DelRelの観点でのコミュニティ体験設計

 イベントに関しては、発信者が一番得な気分をするべきだと個人的に考えています。現象として、登壇すると情報が集まってくる、同じことをしている仲間が得られる、お仕事的なチャンスがふわっとやってくるみたいな状況が起きるようには常に工夫を続けています。
 たまたまそういう事を考えていると同じような事に取り組んでいる集団がxRの文化のそとに居て、#cmc_meetup の文脈で考えた方が言語化の精度が高そうだなぁとか、むしろ開発者ファーストの体験設計を考えている #DevRel という分野があると知ったりしたのが今年1年でした。
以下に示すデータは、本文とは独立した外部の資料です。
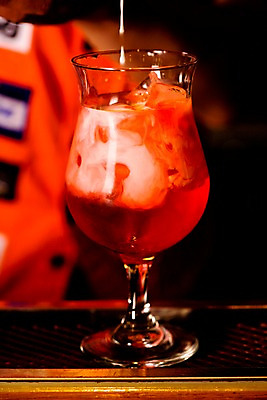 포토 JPG 음식 술잔 잔 주류 실내 근접촬영 사람없음 세로 칵테일 칵테일잔 칵테일바 국내포토 식기 음료 뷰포인트 내부 선술집 파일형식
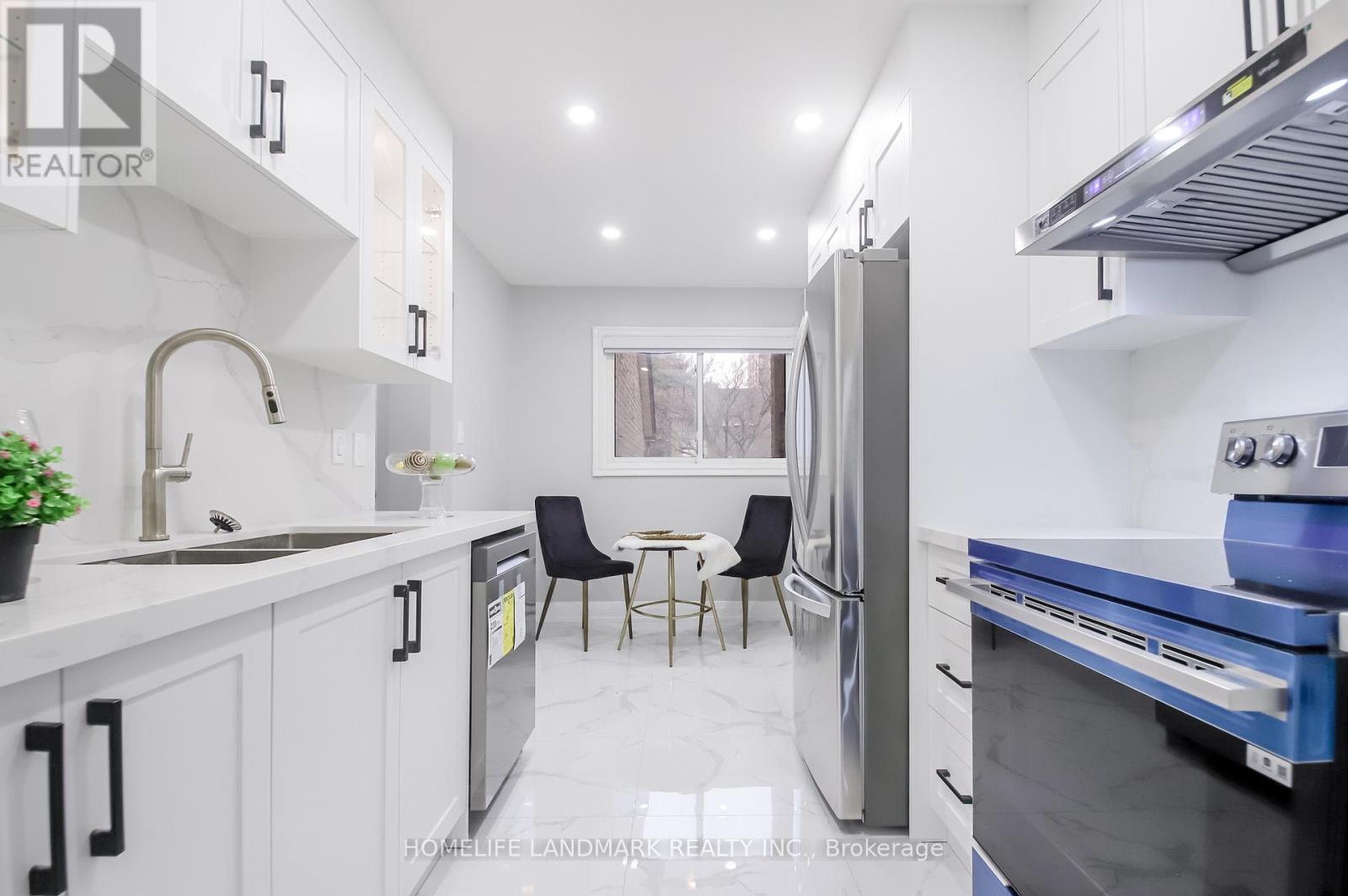 4-50 SILVERBELL GROVE - 14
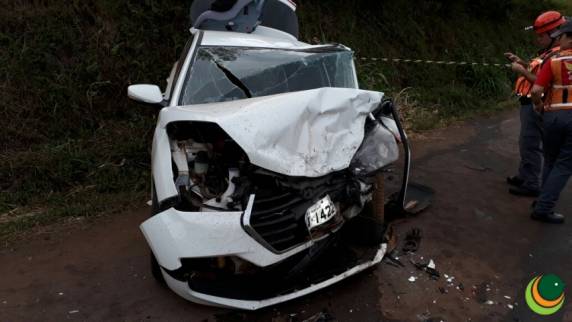 Grave acidente de trânsito deixa uma pessoa morta e cinco feridas em Camargo - foto 2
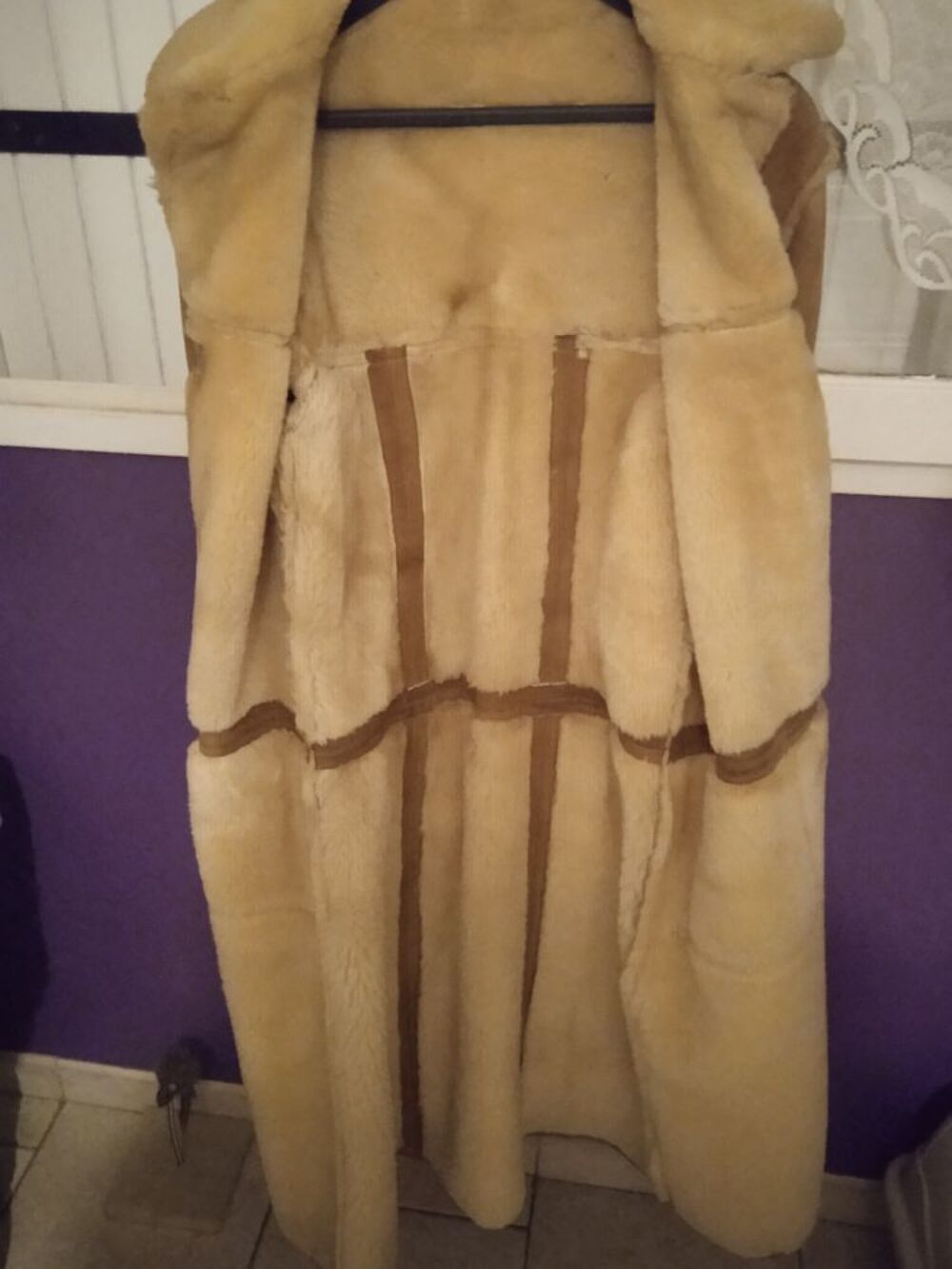 Manteau femme mouton retourn&eacute;. Vêtements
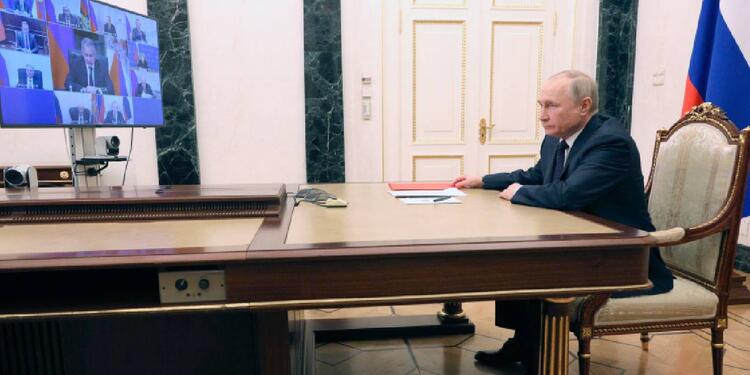 Vladimir Putin en reunión de seguridad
 去年も #cmc_meetup Beginnersの場でお話したことではありますが、開発者が楽しめる形に持っていかないと発信は途絶えてしまうと思うので、これがオンラインになった時になんの体験が望まれているのかをうまく反映させていきたいところではあります。


元・学者の観点でのコミュニティ体験設計が実は…

 身の丈に合わなさそうな事をいろいろ書きましたが、今までの議論って実は「研究室のゼミをうまく運営する方法」にそっくりそのまま転用できるんじゃないかと思っています。
 開発者同士の教えあいの部分って、普段の雑誌会で行われていたことだし、ブログを使った発信って、論文発表周りのスキームに似ていると常々感じています。査読があるかないかくらいの違いです。

まとめ

 今年1年は地方・趣味コミュニティの運営経験が非常に役に立った1年でした。今後、オフ開催への揺り戻しが必ず起きて、その場合にオンラインメインの参加者が置き去りになって離れる事が予想できる状況なので、みんなが楽しめる形を先に脳内シミュレーションしておこうと思います。